Quarta-feira, 2 de Setembro de 1970

 

O papel da razão e da fé no conhecimento de Deus

Importância do problema religioso

Vamos insistir ainda sobre o tema da procura de Deus. Não o fazemos para fugir aos graves e prementes problemas do actual momento histórico, problemas que consideramos igualmente, com assídua atenção, noutro lugar e de outro modo, mas porque julgamos que a questão relativa ao nosso modo de pensar em matéria religiosa tem sempre prioridade, não só em si mesma, por causa das realidades supremas com as quais se relaciona, isto é, Deus e o homem, mas também pelas consequências teóricas e práticas que derivam desta questão.

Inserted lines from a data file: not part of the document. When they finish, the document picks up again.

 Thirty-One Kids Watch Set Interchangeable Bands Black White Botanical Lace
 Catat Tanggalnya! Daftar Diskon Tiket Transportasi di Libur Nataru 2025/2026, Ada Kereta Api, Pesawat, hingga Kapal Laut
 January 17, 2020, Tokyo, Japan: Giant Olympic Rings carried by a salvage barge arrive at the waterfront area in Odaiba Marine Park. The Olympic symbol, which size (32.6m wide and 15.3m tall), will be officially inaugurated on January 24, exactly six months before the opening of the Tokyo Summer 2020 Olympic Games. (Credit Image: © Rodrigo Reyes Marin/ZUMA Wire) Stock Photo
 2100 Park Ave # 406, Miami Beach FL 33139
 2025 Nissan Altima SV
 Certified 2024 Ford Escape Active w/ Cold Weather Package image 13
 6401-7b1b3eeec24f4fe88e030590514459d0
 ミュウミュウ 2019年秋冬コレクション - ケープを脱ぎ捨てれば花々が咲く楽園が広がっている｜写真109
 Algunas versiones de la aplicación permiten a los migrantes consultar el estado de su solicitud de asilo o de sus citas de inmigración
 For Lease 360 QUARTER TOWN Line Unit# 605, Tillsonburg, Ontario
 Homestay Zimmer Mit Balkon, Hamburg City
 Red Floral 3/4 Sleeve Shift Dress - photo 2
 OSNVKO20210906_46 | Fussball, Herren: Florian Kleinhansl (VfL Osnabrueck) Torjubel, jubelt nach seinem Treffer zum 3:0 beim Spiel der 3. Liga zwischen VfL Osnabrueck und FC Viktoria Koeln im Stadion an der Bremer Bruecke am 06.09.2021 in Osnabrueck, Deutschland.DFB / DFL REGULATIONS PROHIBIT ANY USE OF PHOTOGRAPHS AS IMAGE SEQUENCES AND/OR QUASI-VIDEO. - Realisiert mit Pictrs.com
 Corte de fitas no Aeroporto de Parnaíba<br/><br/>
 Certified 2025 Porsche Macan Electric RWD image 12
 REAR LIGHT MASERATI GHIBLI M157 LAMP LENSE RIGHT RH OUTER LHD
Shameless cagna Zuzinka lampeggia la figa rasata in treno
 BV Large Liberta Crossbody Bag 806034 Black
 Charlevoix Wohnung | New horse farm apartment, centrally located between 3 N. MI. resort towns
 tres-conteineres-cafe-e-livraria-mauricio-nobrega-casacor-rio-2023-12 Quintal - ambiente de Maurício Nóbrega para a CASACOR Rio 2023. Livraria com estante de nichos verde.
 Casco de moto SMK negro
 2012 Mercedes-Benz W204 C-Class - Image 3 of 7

O problema religioso é o ponto de suspensão de todo o sistema ideológico humano. E como, nos nossos dias, negar a religião é um fenómeno que está em voga, mostrar-se indiferente para com ela é um costume e ignorá-la, nesta época de obstinado secularismo, é quase uma obrigação, como se fosse a defesa de uma emancipação conquistada, cremos ser necessário e interessante falar uma vez mais sobre este tema: devemos procurar a Deus.

Muitas pessoas têm a estranha pretensão de sentenciar sobre o nome supremo e misterioso de Deus, como se conhecessem o Seu verdadeiro significado — vazio, falso, duvidoso, imenso, impreterível, qualquer que ele seja — sem nunca O ter honestamente procurado e conscienciosamente estudado. Como ousaremos falar de uma ciência, sem a termos estudado antes, ou sem a termos admitido em virtude da autoridade de um testemunho competente ?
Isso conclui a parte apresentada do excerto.